Douceurs d’antan et secrets de cacao : les seniors conquis par le Musée du chocolat Puyodebat

Ici ça bouge Sénior

13 juillet 2026 4 min

BALADE DE PRINTEMPS, EPISODE 2. Après l’escapade fraîcheur bienvenue dans le cadre verdoyant du jardin des Thermes, la deuxième visite a mené les aînés angloys au cœur de la Chocolaterie Puyodebat à Cambo-les-Bains. Un voyage dans le temps entre effluves de cacao, histoire locale et savoir-faire artisanal.
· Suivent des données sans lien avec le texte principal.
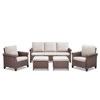 Buenhomino 5-Piece Outdoor Sofa Set with Chairs & Ottomans, PE Wicker Patio Furniture with Cushions & Powder-Coated Frame - 2 of 4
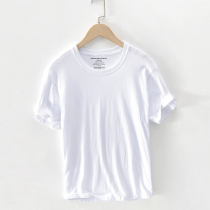 Trend white short-sleeved cotton t-shirt Mens round neck basic casual mens bottoming shirt Slim top service undershirt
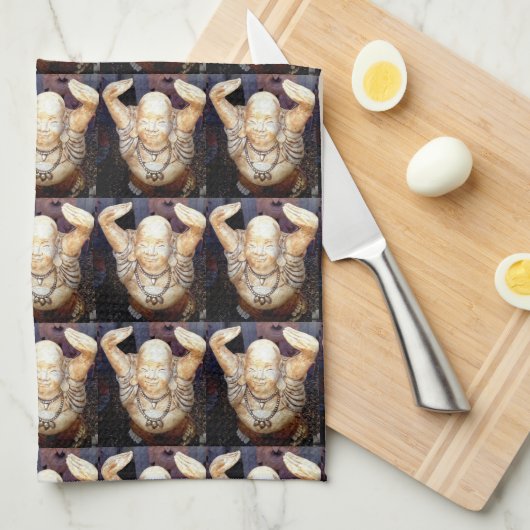 Lächelndes Buddha Muster Handtuch (Viertel Falte)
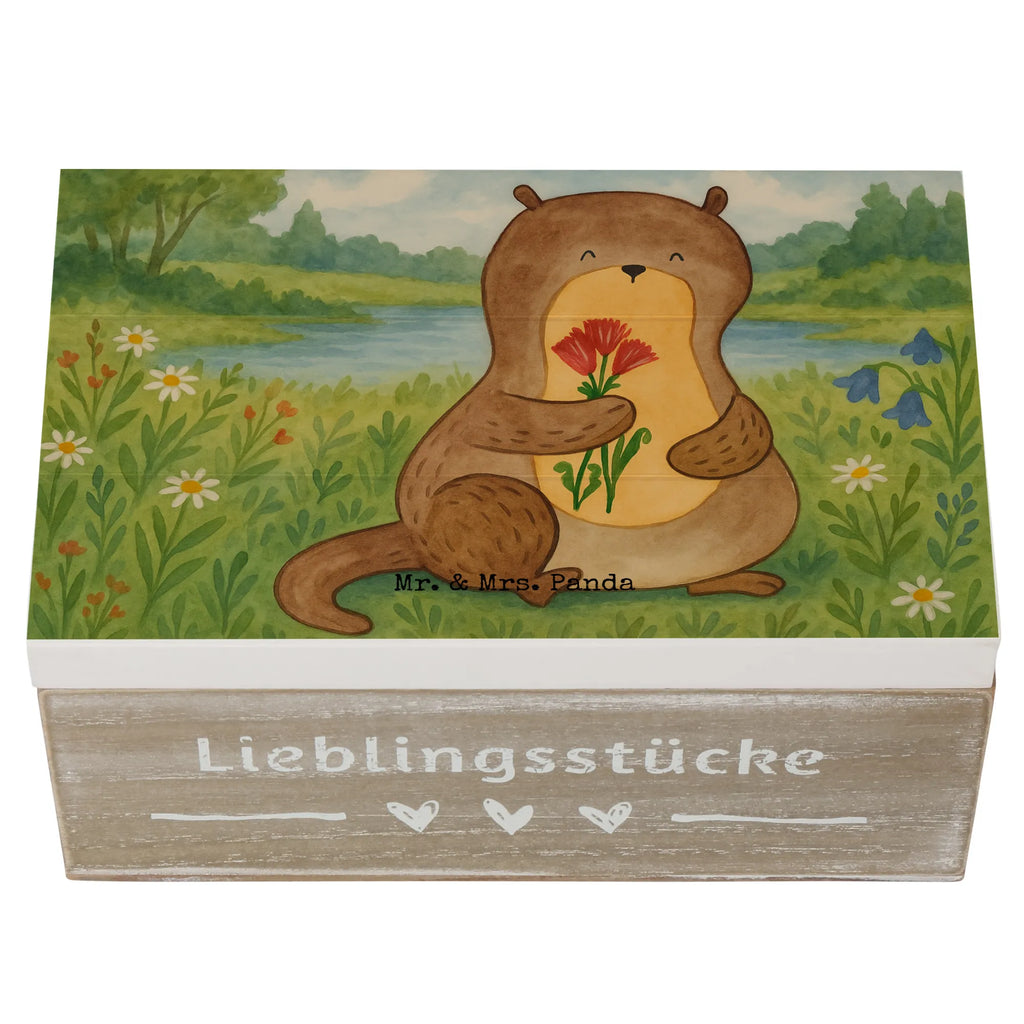 Skrzynia drewniana wydra bukiet kwiatów Design Erinnerungsbox, Kiste, XXL, Schatulle, Dekokiste, Aufbewahrungsbox, Geschenkdose, Schatzkiste, Truhe, Erinnerungskiste, Holzkiste, Geschenkbox, Otter, Fischotter, Seeotter, Otter Seeotter See Otter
Pour cette étape gourmande, les participants ont été répartis en deux groupes distincts : les « foulards bleus » et les « foulards jaunes », chacun encadré par un guide dédié. L’un des groupes, guidé par Monsieur Puyodebat, ont découvert le musée raconté par un passionné. Chineur infatigable et grand collectionneur, le maître des lieux a ouvert les portes de son univers avec un dynamisme et un enthousiasme qui ont immédiatement captivé son auditoire.

Bayonne et Cambo : une histoire de chocolat et de contrebande

La visite débute par une riche immersion historique, illustrée par une multitude d’affiches publicitaires d’époque et d’objets d’antan que Monsieur Puyodebat a chinés au fil des décennies. L’occasion de rappeler le rôle primordial du Pays Basque dans l’introduction du chocolat en France : le quartier Saint-Esprit à Bayonne en devint la véritable capitale nationale, comptant autrefois jusqu’à 60 fabriques, dont 24 pour la seule ville de Bayonne. La plus importante d’entre elles restera la célèbre maison Fagalde.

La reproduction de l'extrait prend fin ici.